Hi,
I looked at tika-server in a bit more detail, and I'm a bit concerned
about the dependency overhead it needs for the JAX-RS support:
+- org.apache.cxf:cxf-rt-frontend-jaxrs:jar:2.5.2
+- org.apache.cxf:cxf-common-utilities:jar:2.5.2
| +- org.apache.ws.xmlschema:xmlschema-core:jar:2.0.1
| \- org.codehaus.woodstox:woodstox-core-asl:jar:4.1.1
| \- org.codehaus.woodstox:stax2-api:jar:3.1.1
+- org.apache.cxf:cxf-api:jar:2.5.2
| +- org.apache.neethi:neethi:jar:3.0.1
| \- wsdl4j:wsdl4j:jar:1.6.2
+- org.apache.cxf:cxf-rt-core:jar:2.5.2
| +- com.sun.xml.bind:jaxb-impl:jar:2.2.4-1
| \- org.apache.geronimo.specs:geronimo-javamail_1.4_spec:jar:1.7.1
+- org.springframework:spring-core:jar:3.0.6.RELEASE
| \- org.springframework:spring-asm:jar:3.0.6.RELEASE
+- javax.ws.rs:jsr311-api:jar:1.1.1
+- org.apache.cxf:cxf-rt-bindings-xml:jar:2.5.2
+- org.apache.cxf:cxf-rt-transports-http:jar:2.5.2
| +- org.apache.cxf:cxf-rt-transports-common:jar:2.5.2
| \- org.springframework:spring-web:jar:3.0.6.RELEASE
| +- aopalliance:aopalliance:jar:1.0
| +- org.springframework:spring-beans:jar:3.0.6.RELEASE
| \- org.springframework:spring-context:jar:3.0.6.RELEASE
| +- org.springframework:spring-aop:jar:3.0.6.RELEASE
| \- org.springframework:spring-expression:jar:3.0.6.RELEASE
\- org.codehaus.jettison:jettison:jar:1.3.1
+- org.apache.cxf:cxf-rt-transports-http-jetty:jar:2.5.2
+- org.eclipse.jetty:jetty-server:jar:7.5.4.v20111024
| +- org.eclipse.jetty:jetty-continuation:jar:7.5.4.v20111024
| \- org.eclipse.jetty:jetty-http:jar:7.5.4.v20111024
| \- org.eclipse.jetty:jetty-io:jar:7.5.4.v20111024
| \- org.eclipse.jetty:jetty-util:jar:7.5.4.v20111024
+- org.eclipse.jetty:jetty-security:jar:7.5.4.v20111024
\- org.apache.geronimo.specs:geronimo-servlet_2.5_spec:jar:1.1.2
That's about 7MB of middleware code.
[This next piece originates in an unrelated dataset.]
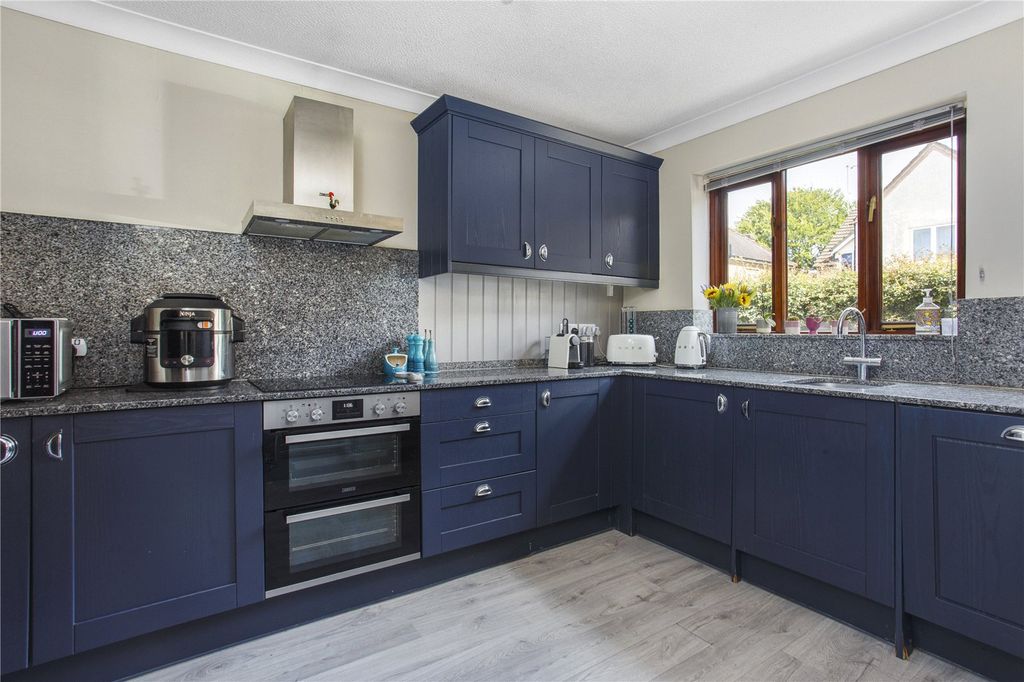 Property photo 2 of 10 Picture No. 77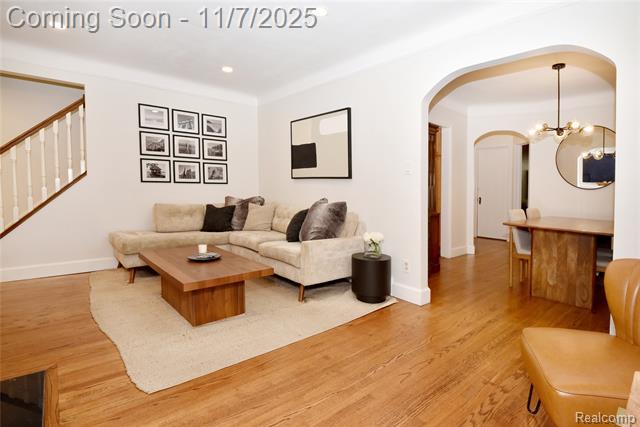 Builiding view six for 800 Maplegrove, Royal Oak, MI. 48067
Do we really need all this? If
yes, who's going to review the licensing of all these dependencies and
come up with appropriate LICENSE/NOTICE files to include in the
tika-server jar?
The services exposed by tika-server are pretty simple and
straightforward, so I'm wondering if we could just replace all of the
above with just an embedded Jetty server, or even just the HttpCore
library [1].
[1] http://hc.apache.org/httpcomponents-core-ga/
BR,
Jukka Zitting